Correspondance de Voltaire/1766/Lettre 6604

Correspondance : année 1766GarnierŒuvres complètes de Voltaire, tome 44 (p. 524-526).

6604. — À M. LE COMTE D’ARGENTAL.
8 décembre.

Vous avez bien fait de m’écrire, mes divins anges, car vous esquivez par là une nuée de corrections et de changements qui étaient déjà tout prêts. Mais puisque vous me mandez que rien ne presse, je corrigerai plus à loisir ce que j’ai fait si fort à la hâte.

Vous avez dû vous apercevoir que j’ai deviné plus d’une de vos critiques. J’ai prévenu aussi la censure judicieuse que vous faites de la précipitation d’Obéide à dire, au cinquième acte : Je l’accepte, dès qu’on lui fait la proposition d’immoler son amant.

Je m’étais un peu égayé dans les imprécations, j’avais fait là un petit portrait de Genève pour m’amuser ; mais vous sentez bien que cette tirade n’est pas comme vous l’avez vue ; elle est plus courte et plus forte.

Mais aussi, comme mes anges laissent à maman et à moi notre libre arbitre, nous vous avouons que nous condamnons, nous anathématisons votre idée de développer dans les premiers actes la passion d’Obéide. Nous pensons que rien n’est si intéressant que de vouloir se cacher son amour à soi-même, dans ces circonstances délicates ; de le laisser entrevoir par des traits de feu qui échappent ; de combattre en effet sans dire : Je combats ; d’aimer passionnément sans dire : J’aime ; et que rien n’est si froid que de commencer par tout avouer. Je n’ai lu la pièce à personne, mais je l’ai fait lire à de très-bons acteurs qui sont dans notre confidence ; je les ai vus pleurer et frémir. Il se peut que l’aventure de l’ex-jésuite[1] ait un peu influé sur votre jugement, et que vous ayez tremblé que l’intérêt, qui fait le succès des pièces au théâtre, manquât dans celle-ci ; mais j’oserais bien répondre de l’intérêt le plus grand, si cette tragédie était bien jouée.

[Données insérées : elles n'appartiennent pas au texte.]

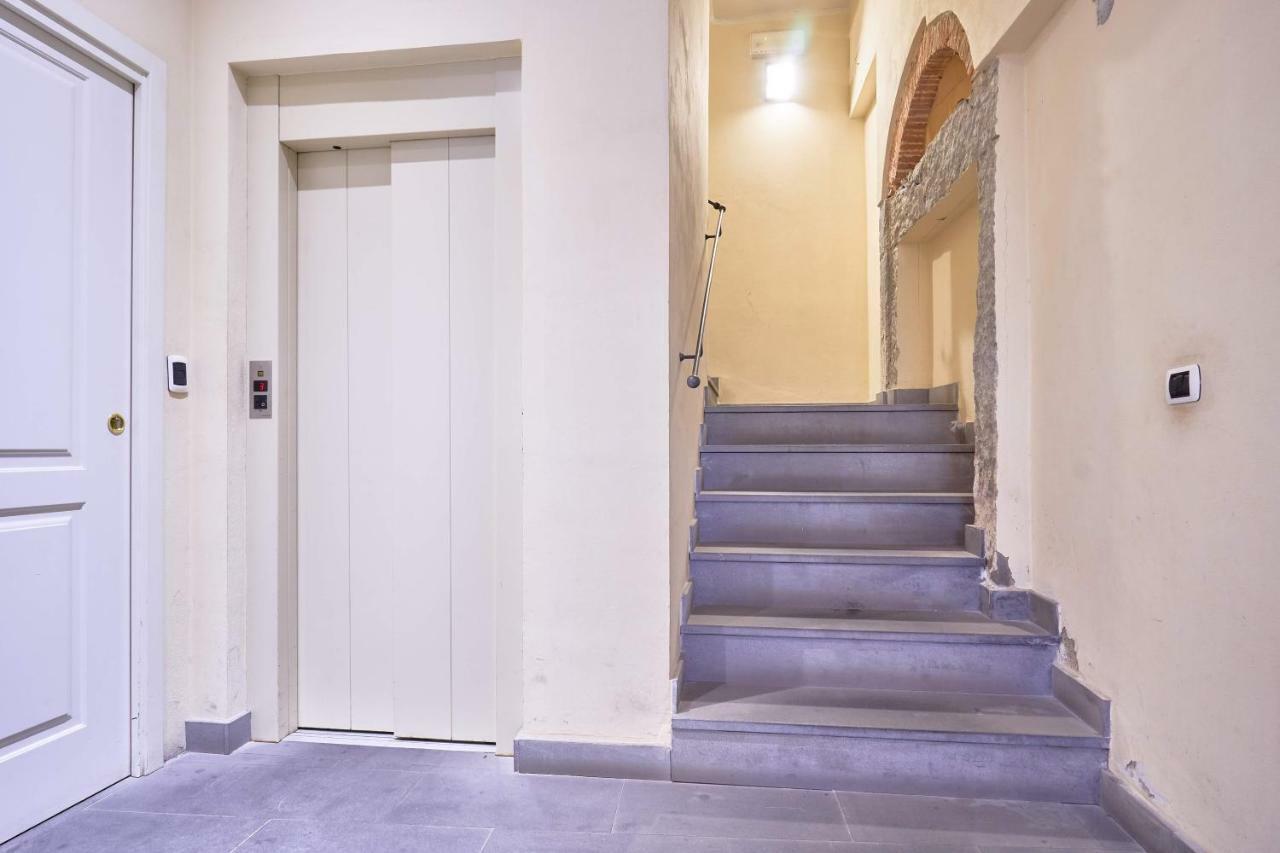 Apartament Il Silenzioso Piza Zewnętrze zdjęcie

Vous m’avouez enfin que vous n’avez d’acteurs que Lekain ; il ne faut donc point donner de pièces nouvelles. Le succès des représentations est toujours dans les acteurs. On prendra dorénavant le parti de faire imprimer ses pièces, au lieu de les faire jouer, et le théâtre tombera absolument. Les talents périssent de tous côtés.

Gardez donc vos Scythes, mes divins anges ; ne les montrez point ; amusez-vous de Guillaume Tell[2] et d’un cœur en fricassée[3] ; faites comme vous pourrez.

Je dois vous dire (car je ne dois rien avoir de caché pour vous) que j’ai envoyé mes Scythes à M. le duc de Choiseul. J’ai été bien aise de lui faire ma cour, et de réchauffer ses bontés.

Daignez, je vous en conjure, vous occuper à présent de mes pauvres Sirven. Vous aurez enfin cette semaine le factum de M. de Beaumont. Cette tragédie mérite toute votre bonté et toute votre protection.

Je vous demande en grâce de me mettre aux pieds de M. le duc de Praslin, et de vouloir bien faire souvenir de moi M. le marquis de Chauvelin, à qui j’épargne une lettre inutile, et à qui je suis bien tendrement attaché.

Je vous demande pardon de tout le tracas que je vous ai donné pendant quinze jours. Je suis au bout de vos ailes pour le reste de ma vie.

  1. Voltaire avait donné comme étant d’un ex-jésuite le Triumvirat, qui n’avait point eu de succès.
  2. De Le Mierre.
  3. Dans la Gabrielle de Vergy, de de Belloy.